On mobile, one-on-one calls provide a simple, focused interface. Users can switch between voice and video calls seamlessly, mute themselves, and minimise the call without interrupting the workflow. End-of-call ratings allow users to give feedback.

Group calls feature a persistent presenter tile, which remains visible even while scrolling through participants. Landscape and full-screen modes are supported, and the interface highlights participants who raise their hands or are speaking. Users can toggle between different views to focus on specific participants while keeping controls accessible but unobtrusive.

On web or desktop, incoming calls appear in a banner with the option to join directly or enter a lobby, with camera and microphone controls. During group calls, participants can easily see who is speaking, manage video tiles, and expand the call to full screen while keeping the chat visible if needed.

Ecosystem adoption

To simplify adoption across Matrix clients, we implemented the Element Call widget as a reference application. Any client can embed this widget, which communicates with the Matrix home server and the LiveKit SFU backend. This modular approach makes integrating Element Call straight forward, with minimal code required for other platforms.

The widget API is already implemented in the Matrix JS SDK and Rust SDK, providing developers with a clear reference to adopt real time communication quickly. Adding Element Call to a client, such as the Cinny client, involves embedding the widget and managing basic controls—everything else is handled by the framework. Timo walked through what this looks like in practice during a demo in the presentation.

Timo Kandra demoed how this looks like in practice

By standardising the m.call call application (MSC4196) and providing deep integration with Element apps - including mobile call kit integration and picture-in-picture - Matrix now has a secure, federated, and privacy-focused solution for real time communication.
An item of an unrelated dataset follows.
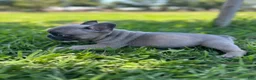 French Bulldog dogs for sale: French Bulldog 2 - Ad 3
With the Element Call widget, any client can quickly adopt these features, helping to grow the ecosystem and bring scalable calling to the broader Matrix network.

What’s next

Having delivered more than 139 years of cumulative meeting time with minimal issues reported, Element Call demonstrates that MatrixRTC is edging ever closer to production-grade status.

What remains to be worked on before getting Element Call out of beta is:

  • Extend 1:1 calling to a fully fledged telephone use-case including ringing, declining and handset mode
  • Let the SFU safeguard membership lifecycle via delegation of membership tacking
  • Final bug fixing and ensuring reliability under adverse network conditions

Our goal is to make secure, federated, and privacy-focused calling accessible, reliable, and easy to use — whether one-on-one or in large group meetings.